Students gain a glimpse of ‘Visión’

Grace Sgambettera
Staff Writer

Students ponder the 'Life Behind the Scenes' exhibit located in the Dwight Marvin Library Atrium. PHOTO BY GRACE SGAMBETTERA | The Hudsonian Student Newspaper

Students ponder the ‘Life Behind the Scenes’ exhibit located in the Dwight Marvin Library Atrium.

“Visión: A Look At Life Behind the Scenes” is an annual photography project exhibit now on display in the Troy Savings Bank Charitable Foundation Atrium of the Marvin Library. It showcases the everyday lives of Latino immigrants working at the Saratoga Race Track.

“We hope everyone will come in to enjoy the work and consider it through whatever perspective they want — political, artistic or even educational,” said Library Director Brenda Hazard.
The project and exhibit is run by the Saratoga County Economic Opportunity Council’s Latino Community Advocacy Program, where members of the Latino community are invited to participate in a series of photography workshops.

Hudson Valley’s library is always looking to shed light on local issues in the exhibits they host, and Hazard feels that this exhibit in particular is very timely.
“There’s tremendous discussion of immigrants right now, especially in Saratoga because of [the] track,” Hazard said.
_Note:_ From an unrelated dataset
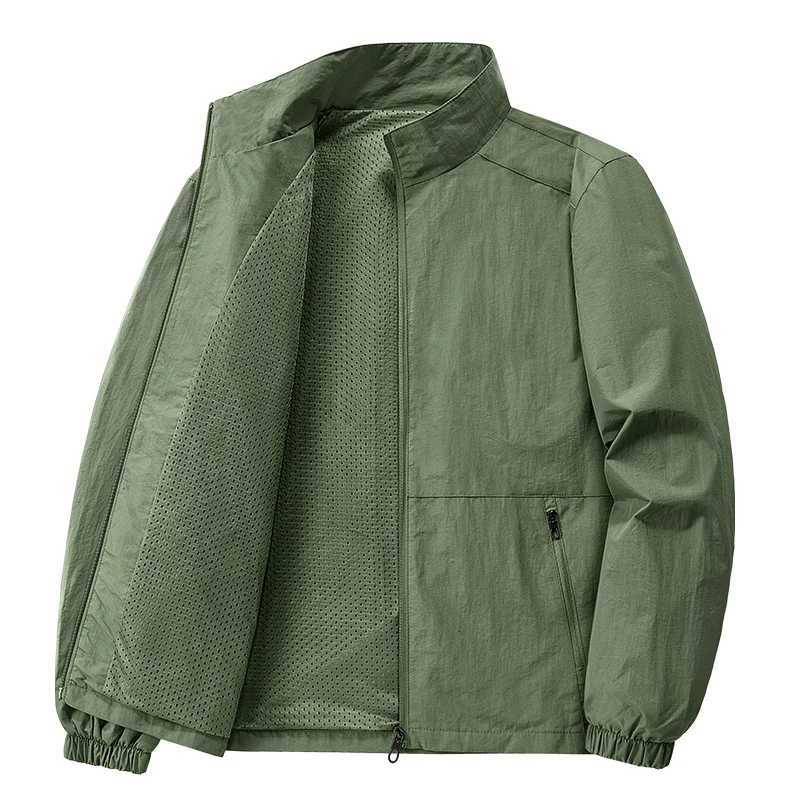 Mens Spring-Autumn Jackets Breathable with Pockets Versatile Suitable for Outdoor Activities Stand-up Collar Casual Style W250711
Historically, Latino immigrants have been an integral part of the Saratoga Race Course’s workforce, but they often feel unwelcome in the community. During this past summer, the U.S. Immigration and Customs Enforcement cracked down on undocumented workers in Saratoga and arrested a total of 27 people.

This photography project is designed to give the local Latino immigrant community a platform for their own commentary about life in Saratoga Springs. Some of the photographs are more stylized. There is a photo of a man’s bare back, with the words “Proud to be an Immigrant” painted on it, which was taken by Ana Karen Cruz. Others are more natural, including shots of the Saratoga Race Course or people simply living their lives.

Participants of the Latino Community Advocacy Program are given the “opportunity to document their experiences of living and working in the Saratoga Springs area and provide unique insight into a world that is largely inaccessible to the greater community,” Hazard said.
The library has a long history of hosting traveling exhibits in its art space. It is a popular location for exhibits like this one because of the number of students and faculty who visit in a single day.

Before this year’s “Visión” exhibit was displayed at Hudson Valley, the participants met once a week over the summer to develop their work, aided by the mentorship of a professional photographer. At the end of the workshop series, the participants chose their best photos and a team of photographers and art professionals judged their work and helped put the final exhibit together.

The exhibit is revealed each year at a fundraiser reception in Saratoga to benefit the Latino Community Advocacy Program, which provides services like ESL classes, interpreters, emergency help and cultural events to Saratoga’s Latino population. The photos then travel around the Capital Region for the year to raise awareness and share with other members of the community.
No matter how students interpret this exhibit, “everyone is welcome to leave their reflections,” Hazard said.